Fonseca et al. (2003) obtained UMVUE for the variance components of balanced cross nested models. The estimators were the difference of a positive and a negative part. Unbiased estimators are obtained for the variance components of such models with cross-nesting. Following Michalski & Zmy¶lony (1996) we may use the quotient of the positive by the negative part of the estimators to test the nullity of the variance components. If either the degrees of freedom in the numerator or in the denominator are even we have, (Fonseca et al., 2002) an exact expression for the distribution of the test statistic. It is thus interesting to see if this evenness conditions are a rarity or if they are satisfied in many circumstances.

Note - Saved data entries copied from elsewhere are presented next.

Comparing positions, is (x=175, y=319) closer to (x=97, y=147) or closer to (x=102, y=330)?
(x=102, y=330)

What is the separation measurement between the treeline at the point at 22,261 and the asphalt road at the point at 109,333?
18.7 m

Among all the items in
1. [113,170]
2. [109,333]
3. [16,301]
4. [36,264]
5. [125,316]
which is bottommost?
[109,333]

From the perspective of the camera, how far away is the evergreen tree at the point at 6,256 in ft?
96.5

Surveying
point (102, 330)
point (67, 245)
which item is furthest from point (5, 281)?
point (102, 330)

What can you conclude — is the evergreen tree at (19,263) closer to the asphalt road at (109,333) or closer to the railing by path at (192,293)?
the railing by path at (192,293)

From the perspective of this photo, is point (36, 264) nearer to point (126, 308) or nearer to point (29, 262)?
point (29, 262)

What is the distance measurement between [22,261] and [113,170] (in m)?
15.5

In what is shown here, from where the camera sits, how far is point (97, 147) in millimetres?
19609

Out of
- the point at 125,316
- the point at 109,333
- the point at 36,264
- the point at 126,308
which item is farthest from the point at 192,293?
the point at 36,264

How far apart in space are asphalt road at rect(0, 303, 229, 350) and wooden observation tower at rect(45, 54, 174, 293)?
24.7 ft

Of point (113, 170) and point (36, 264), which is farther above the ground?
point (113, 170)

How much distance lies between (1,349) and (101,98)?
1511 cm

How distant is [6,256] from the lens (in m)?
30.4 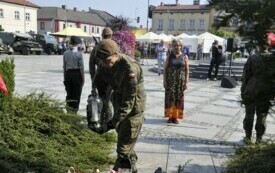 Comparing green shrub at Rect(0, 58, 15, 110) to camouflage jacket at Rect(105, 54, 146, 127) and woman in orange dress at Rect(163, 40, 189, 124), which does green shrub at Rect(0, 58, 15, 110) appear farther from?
woman in orange dress at Rect(163, 40, 189, 124)

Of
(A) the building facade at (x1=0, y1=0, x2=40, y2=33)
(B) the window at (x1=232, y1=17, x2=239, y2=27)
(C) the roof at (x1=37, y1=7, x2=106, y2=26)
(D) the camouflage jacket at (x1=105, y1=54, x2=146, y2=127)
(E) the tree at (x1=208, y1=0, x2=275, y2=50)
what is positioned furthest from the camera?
(C) the roof at (x1=37, y1=7, x2=106, y2=26)

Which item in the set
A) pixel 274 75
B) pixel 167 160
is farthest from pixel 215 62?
pixel 274 75

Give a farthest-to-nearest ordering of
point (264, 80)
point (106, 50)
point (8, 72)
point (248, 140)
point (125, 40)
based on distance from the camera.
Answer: point (125, 40) → point (248, 140) → point (8, 72) → point (106, 50) → point (264, 80)

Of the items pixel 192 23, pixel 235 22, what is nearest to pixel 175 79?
pixel 235 22

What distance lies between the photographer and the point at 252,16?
2.42m

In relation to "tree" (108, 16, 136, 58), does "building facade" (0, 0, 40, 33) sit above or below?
above

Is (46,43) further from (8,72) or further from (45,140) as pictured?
(45,140)

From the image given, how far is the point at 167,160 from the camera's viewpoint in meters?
5.51

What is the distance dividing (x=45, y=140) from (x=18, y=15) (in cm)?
6639

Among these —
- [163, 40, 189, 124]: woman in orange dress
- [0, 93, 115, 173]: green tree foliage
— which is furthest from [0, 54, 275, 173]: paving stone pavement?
[0, 93, 115, 173]: green tree foliage

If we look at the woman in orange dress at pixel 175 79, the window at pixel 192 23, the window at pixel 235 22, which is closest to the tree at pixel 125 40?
the woman in orange dress at pixel 175 79

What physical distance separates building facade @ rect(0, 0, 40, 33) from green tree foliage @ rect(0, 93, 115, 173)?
6293cm

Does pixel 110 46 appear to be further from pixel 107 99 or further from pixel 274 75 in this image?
pixel 274 75

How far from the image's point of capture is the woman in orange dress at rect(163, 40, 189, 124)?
7660mm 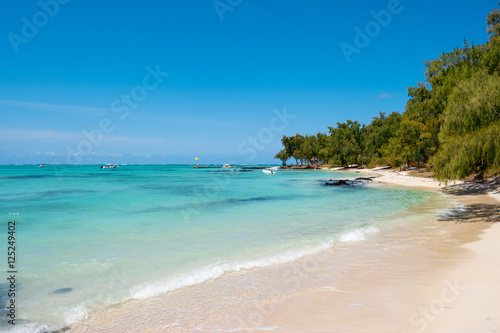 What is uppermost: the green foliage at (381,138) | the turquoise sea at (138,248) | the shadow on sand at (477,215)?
the green foliage at (381,138)

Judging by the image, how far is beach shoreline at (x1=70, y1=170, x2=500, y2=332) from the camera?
191 inches

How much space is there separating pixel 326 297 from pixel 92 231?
11579mm

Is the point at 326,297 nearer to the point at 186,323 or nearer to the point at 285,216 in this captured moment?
the point at 186,323

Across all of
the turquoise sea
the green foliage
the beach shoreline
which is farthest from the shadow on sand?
the green foliage

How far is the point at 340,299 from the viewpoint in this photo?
19.2 feet

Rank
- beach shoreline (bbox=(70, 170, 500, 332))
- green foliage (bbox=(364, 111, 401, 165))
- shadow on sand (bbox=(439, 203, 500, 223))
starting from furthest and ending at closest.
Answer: green foliage (bbox=(364, 111, 401, 165))
shadow on sand (bbox=(439, 203, 500, 223))
beach shoreline (bbox=(70, 170, 500, 332))

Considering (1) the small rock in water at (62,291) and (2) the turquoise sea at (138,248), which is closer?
(2) the turquoise sea at (138,248)

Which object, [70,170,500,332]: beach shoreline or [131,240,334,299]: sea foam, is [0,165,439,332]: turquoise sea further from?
[70,170,500,332]: beach shoreline

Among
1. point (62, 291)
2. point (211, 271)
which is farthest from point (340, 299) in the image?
point (62, 291)

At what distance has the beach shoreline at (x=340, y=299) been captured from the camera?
4852 mm

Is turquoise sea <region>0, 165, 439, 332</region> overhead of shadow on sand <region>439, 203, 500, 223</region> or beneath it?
beneath

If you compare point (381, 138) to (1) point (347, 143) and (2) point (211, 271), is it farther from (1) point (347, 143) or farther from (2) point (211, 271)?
(2) point (211, 271)

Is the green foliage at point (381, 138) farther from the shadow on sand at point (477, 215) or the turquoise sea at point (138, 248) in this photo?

If we name as first evenness condition (1st) that all components of the vector g1 are even and as second evenness condition (2nd) that all components of the vector g2 are even, when at least one of these evenness conditions holds we have an exact expression for the distribution of the test statistic. We will answer this question for four factors models, showing that in more then half of the possible degrees of freedom combinations, at least one of the evenness conditions holds.


Cross nested balanced models, variance components, usual and generalized F tests, evenness conditions.